Georgia representatives from both parties have spent months lobbying the Trump administration to devote $100 million to the deepening project in the upcoming budget cycle, which begins Oct. 1. They say that much is needed to keep ongoing dredging work on track and on budget.
“We recognize that in challenging fiscal times, careful decisions must be made in prioritizing where taxpayer dollars are invested,” all 16 members of the delegation wrote in a Dec. 21 letter to Mick Mulvaney, Trump’s budget chief. “In the case of (the Savannah port), we respectively submit that we have a project that is fully underway, that will deliver proven benefits and has maximum matching support from the local sponsor.”
While Congress holds the federal purse strings and decides how agencies can spend their money, the earmark ban prohibits lawmakers from selecting specific projects to fund.
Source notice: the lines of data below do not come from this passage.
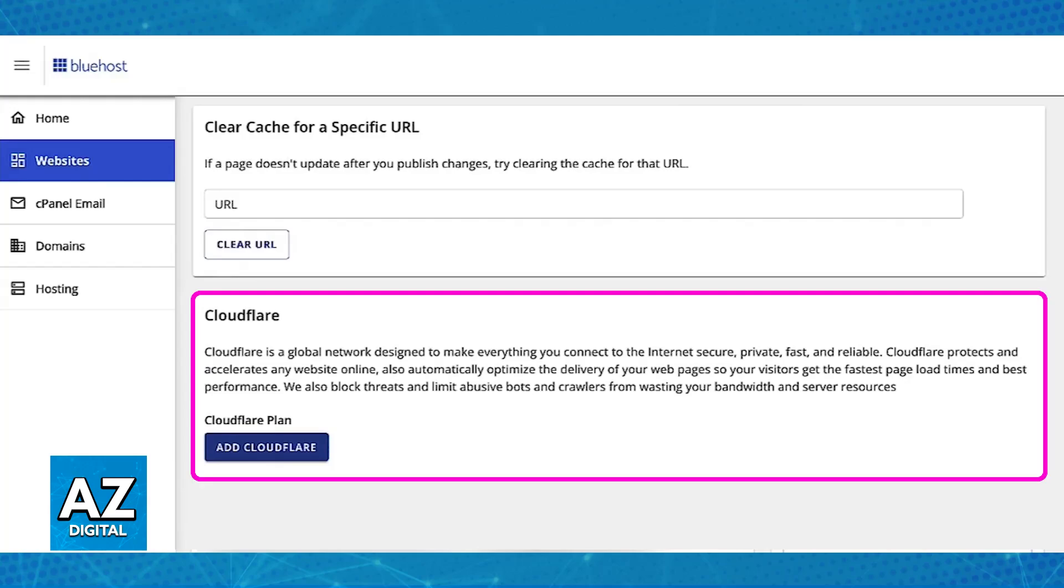All that you have to do is click on add Cloudflare. Bluehost makes this process extremely simple because as soon as you click add Cloudflare and you scroll up, you will be notified that Cloudflare is being added to this site. This normally takes less than an hour and all that you have to do in this time is wait.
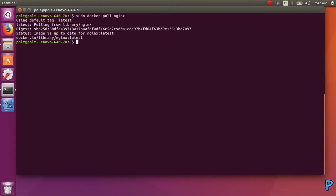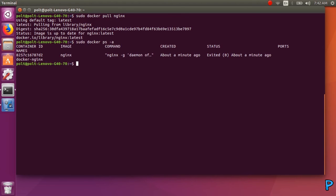Then, to check if our Docker is working, type sudo docker ps -a. As you can see, our Nginx is working.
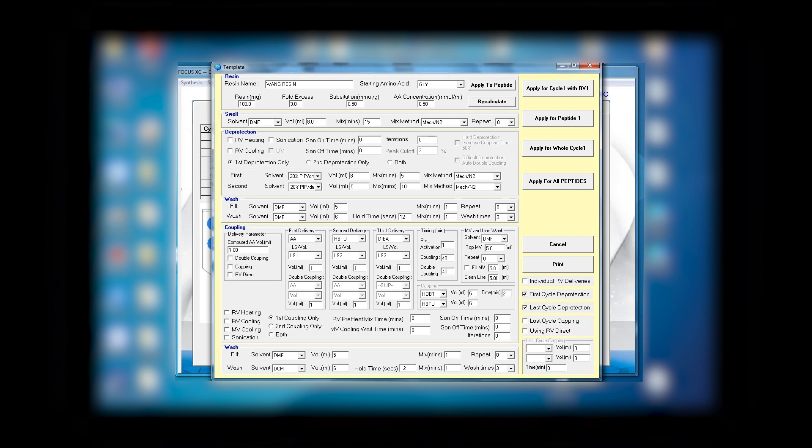Using 5 milliliter, which you could change to 8 milliliter if you like, and we're going to mix for two minutes rather than five minutes and using a different type of mixing. You see you have three modes of mixing: there is mechanical, nitrogen, and mechanical and nitrogen. In this example we're going to use only the mechanical.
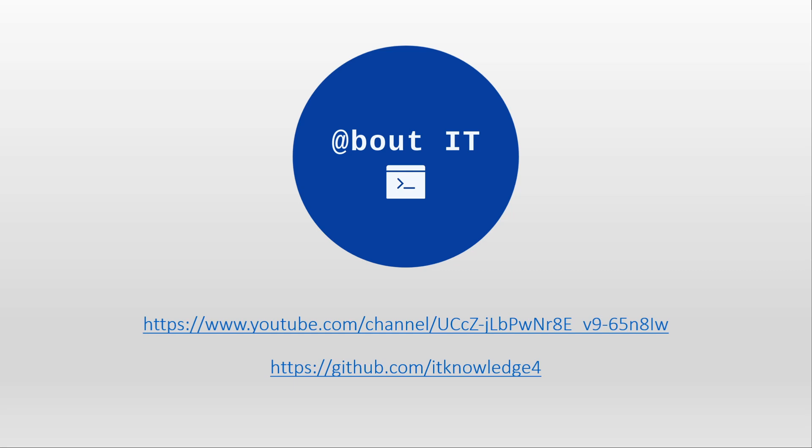If you enjoyed the video, I would appreciate if you subscribe, if you're not subscribed, and like and share it. And see you in the next one.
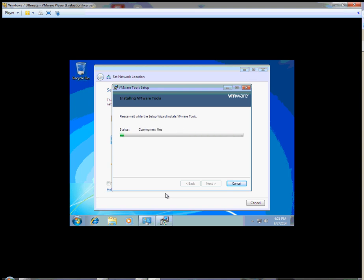Now it's copying new files, writing those files, creating and installing drivers, etc. This process is going to take a few minutes to complete. It's been about ten minutes and VMware tools are still installing. It's installing the video driver now and is about to wrap that up. It's removing any backup files that are not needed to remain in the VM itself. Once we come out of this, it should connect us to the public network since we set that in the network location window previously.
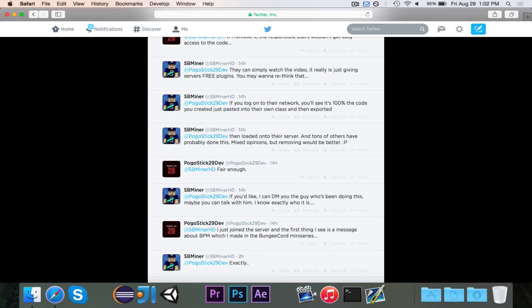I decided to check out the server, going to their Twitter account — whose name, again, I will not share. I joined the server, and the first thing I saw was a message about BPM, the Bungee private messenger, which I made in the Bungee Cord mini-series. I had an episode showing how to make a private messenger that works across Bungee servers connected to the same Bungee Cord, and the first thing I see is a message giving information about it — exactly what I did in that episode.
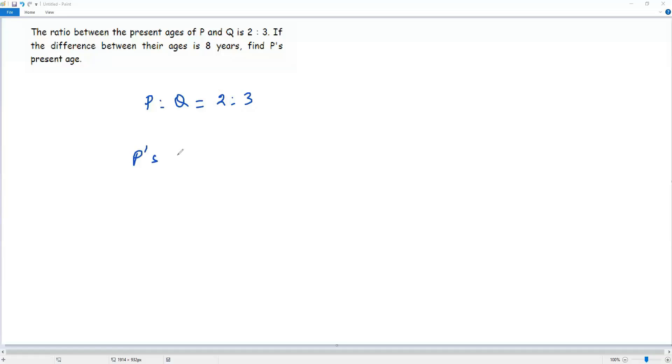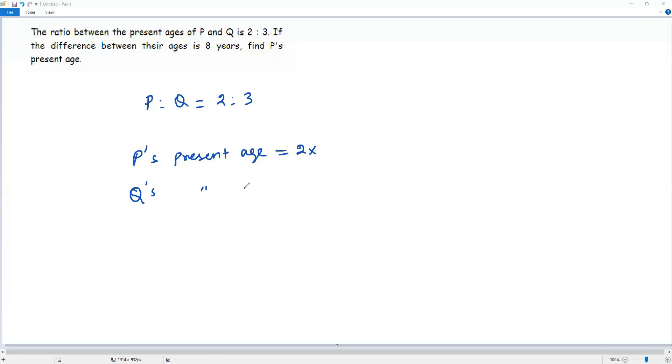P's percentage is equal to 2X. That is, I have to multiply the first term by the non-zero number X. And Q's percentage is equal to, I have to multiply the second term of the ratio by the same non-zero number X. So then I get 3X.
That means the executive branch gets the ultimate decision-making authority, which is what makes the White House’s budget proposal so important.
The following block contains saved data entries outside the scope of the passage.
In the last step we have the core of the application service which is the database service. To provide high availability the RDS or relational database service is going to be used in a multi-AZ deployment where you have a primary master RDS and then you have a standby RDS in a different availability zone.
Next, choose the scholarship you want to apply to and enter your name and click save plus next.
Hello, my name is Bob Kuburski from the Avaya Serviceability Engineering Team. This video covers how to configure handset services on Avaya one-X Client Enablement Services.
Put another way, the number included in Monday’s request is more or less the funding level Congress will approve at the end of the day for Savannah.
Dredging work to deepen the Savannah harbor from 42 feet to 47 feet to make way for larger container ships is nearly halfway done, according to the port, operations that have been funded mainly with the $266 million initially forked over by the state.
The feds are supposed to cover the lion’s share of the project’s $973 million price tag, but the most the state has been able to get Washington to pony up in a single year has been $50 million. That came from Trump in his first budget proposal last spring, but that money has yet to be approved by Congress.
Georgia lawmakers warned Mulvaney that keeping Savannah funding flat at the 2018 proposed level of $50 million would delay the project’s completion by five years, cost an additional $56 million because of inflation and generate an “irretrievable, cumulative loss” of $1.4 billion in annual economic benefits.
Local officials are closely tracking Washington’s moves regarding the 2019 budget since the port plans to advertise and award its contract for inner harbor dredging this year and begin that work in fiscal 2019.
There is some cautious optimism that because the budget agreement cleared way for tens of billions in extra domestic spending in the 2019 budget year – including $20 billion in new infrastructure money – projects such as Savannah could see some additional dollars. Ditto for the infrastructure proposal Trump also plans to unveil Monday, although the political prospects for that $200 billion plan are dicier.